━━━ INPUT ━━━

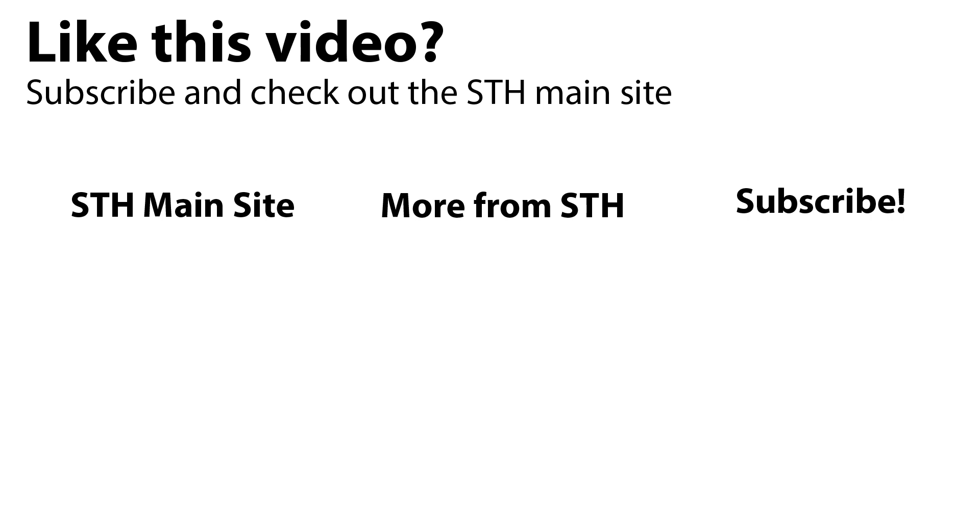Thank you for watching. Take some time to visit the STH main site. Check out other videos we have and subscribe to our YouTube channel.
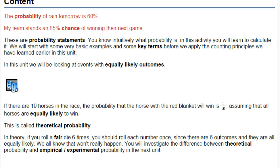In reality, we know that this won't always happen. So what you're going to do with the rest of these tasks is investigate the difference between the theoretical probability and the experimental or empirical probability. If something is empirical, it means you are obtaining it by observation. If it's experimental, it means you're obtaining it by manipulation — by experimenting.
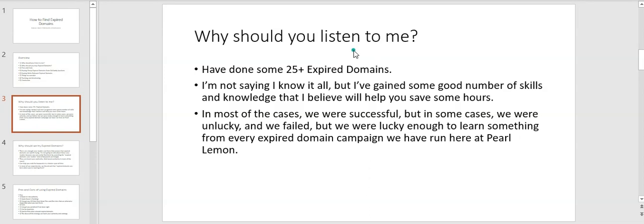In most of the cases, if I have to conclude all of my expired domain experiments here at Pearl Lemon, I would say we were successful in most cases, but in some cases we were unlucky and we failed as well. But we were lucky enough to learn something from every expired domain campaign we have run here at Pearl Lemon.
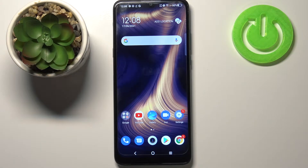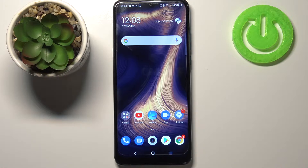Hi everyone! Here we've got the TCL 20 SE and let me share with you how to turn off running apps on this device.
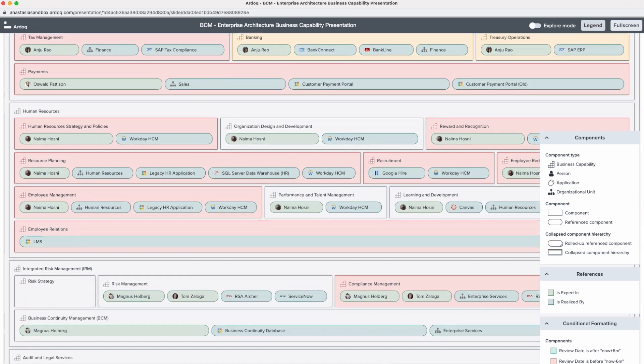The Ardoq survey is a great tool to not only crowdsource data into your enterprise architecture but also to enrich and validate existing data continuously.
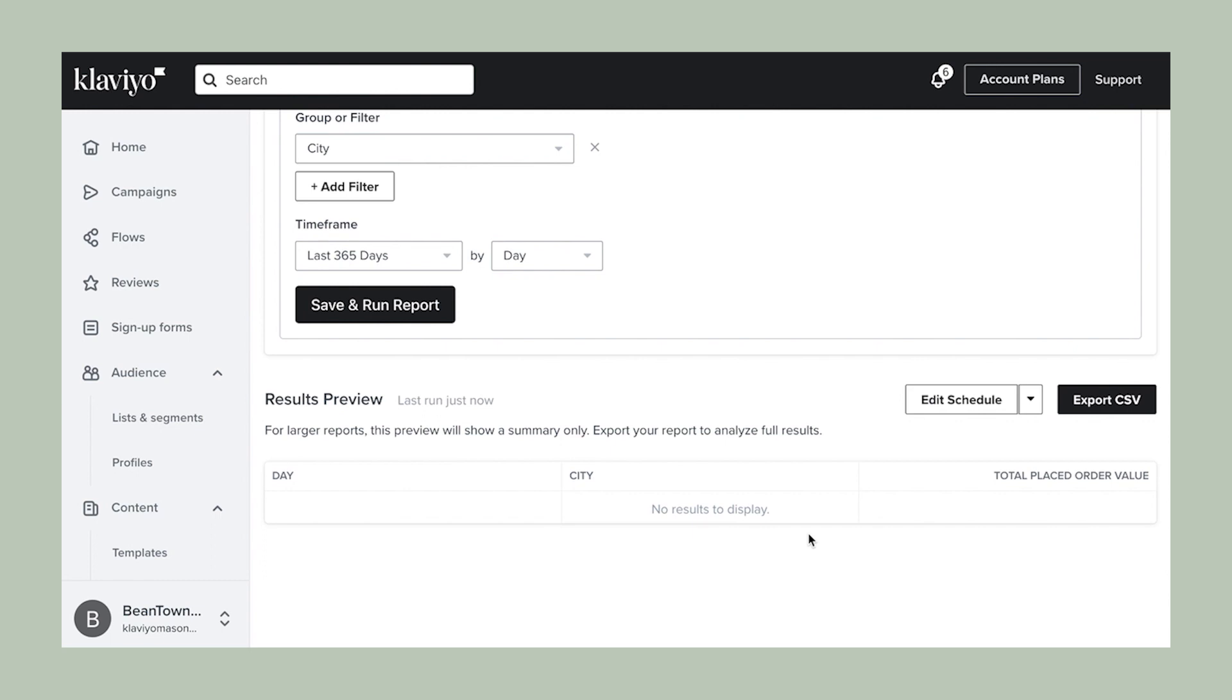And there you have it. You have everything you need to dive deeper into your data. Be sure to explore the reports library as well as experiment with other report types to learn more about your performance in Klaviyo.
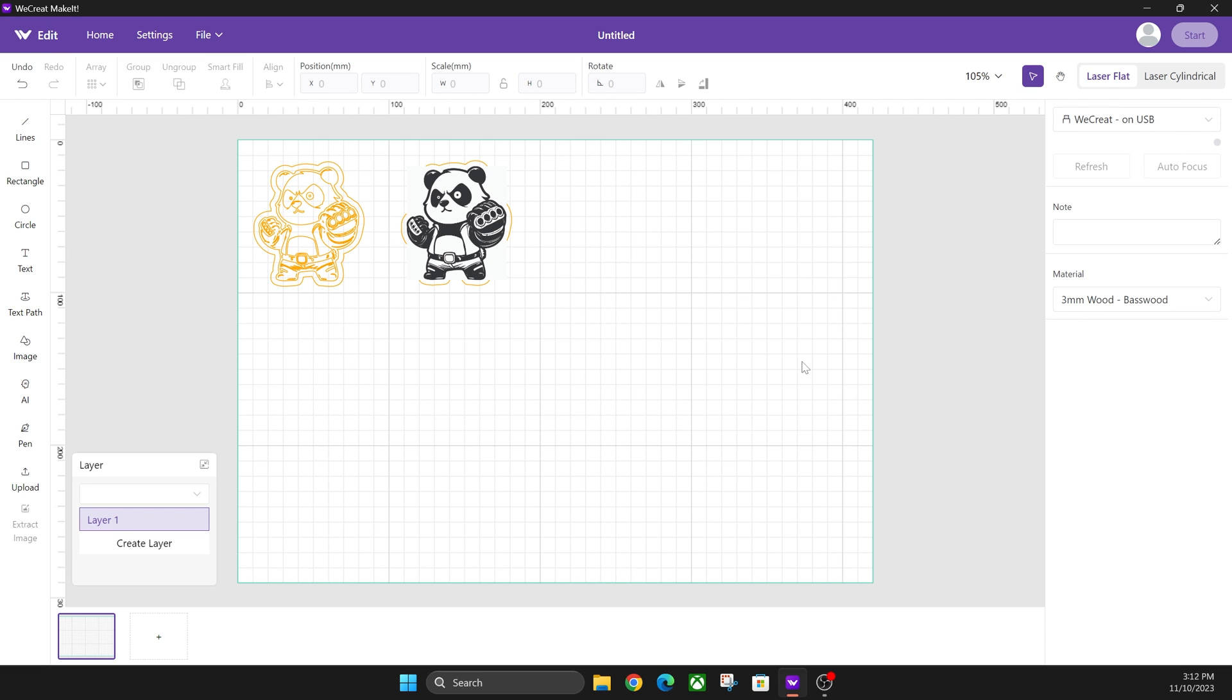Hey everyone, Josh here with Fresh Start Customs. Today I'm going to show you the issue that I have with vector design in we create software. As you can see, I imported this fighter panda that I've been working on.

━━━

## WHAT TO DO
Starting from the line that has "The Ardoq survey" and ending at the last line of the material above, every line should be output exactly; pictures are dropped and nothing else appears.

## RESULT
The Ardoq survey is a great tool to not only crowdsource data into your enterprise architecture but also to enrich and validate existing data continuously.
And there you have it. You have everything you need to dive deeper into your data. Be sure to explore the reports library as well as experiment with other report types to learn more about your performance in Klaviyo.
Hey everyone, Josh here with Fresh Start Customs. Today I'm going to show you the issue that I have with vector design in we create software. As you can see, I imported this fighter panda that I've been working on.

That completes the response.